Тем не менее я думаю, было бы ошибкой рассматривать это невидимое насилие и террор только как результат «внутренних противоречий», порождённых этими формами неравенства. Возможно, кто-то приведёт пример более реальной, осязаемой жестокости. По крайней мере достаточно известный факт, что в сообществах, где неравенство в большей мере основано на половых различиях, убийства случаются лишь в тех случаях, когда мужчины убивают друг друга из-за женщин. Аналогичным образом выглядит правдоподобным утверждение, что чем более резки различия между мужскими и женскими ролями в обществе, тем больше в нём, как правило, физического насилия. Однако это вряд ли означает, что если бы все неравенства были стёрты, всё, в том числе воображение, стало бы спокойным и безмятежным. В некотором смысле, я полагаю, что эти волнения исходят из самой сущности условий человеческого существования. Не существует общества, которое бы не рассматривало человеческую жизнь как фундаментальную проблему. Несмотря на различия в представлениях о том, что считать проблемой, по меньшей мере работа, секс и воспроизводство рассматриваются как бремя, связанное со всевозможными затруднениями; людские желания всегда непостоянны, а кроме того, присутствует осознание, что все мы когда-нибудь умрём. Так что есть много поводов для беспокойства. Ни одна из этих дилемм не исчезнет, если мы устраним все виды структурного неравенства (хотя, думаю, это кардинальным образом улучшит положение вещей).
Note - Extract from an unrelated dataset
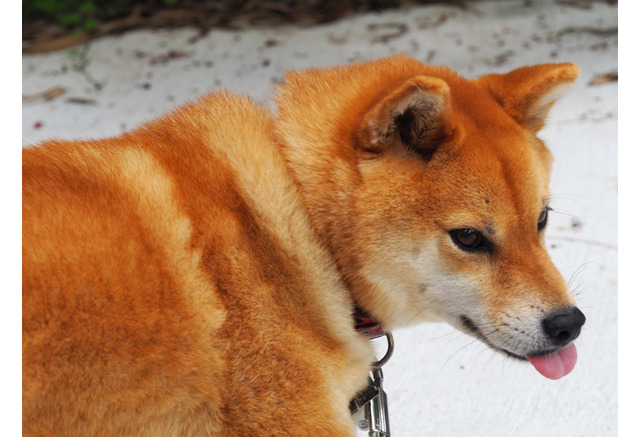 柴犬キュウの物語 Vol 3 お散歩大好き 他の動物たちにも興味津々 動物のリアルを伝えるwebメディア Reanimal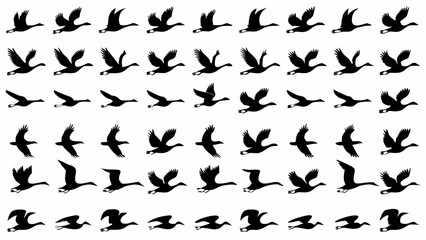 Silhouette pattern of geese in flight showing various wing positions against a white background in rows and columns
Действительно, фантазия о том, что проблемы человеческой природы, желаний, смертности могут быть каким-то образом разрешены, выглядит очень опасной; это образ утопии, которая постоянно маячит позади притязаний власти и государства. Вместо этого, как я предположил, похоже, что призрачное насилие появляется из-за напряжения, неразрывно связанного с поддержанием эгалитарного общества. В противном случае, можно было бы полагать, что воображение тив более богато, чем воображение пиароа.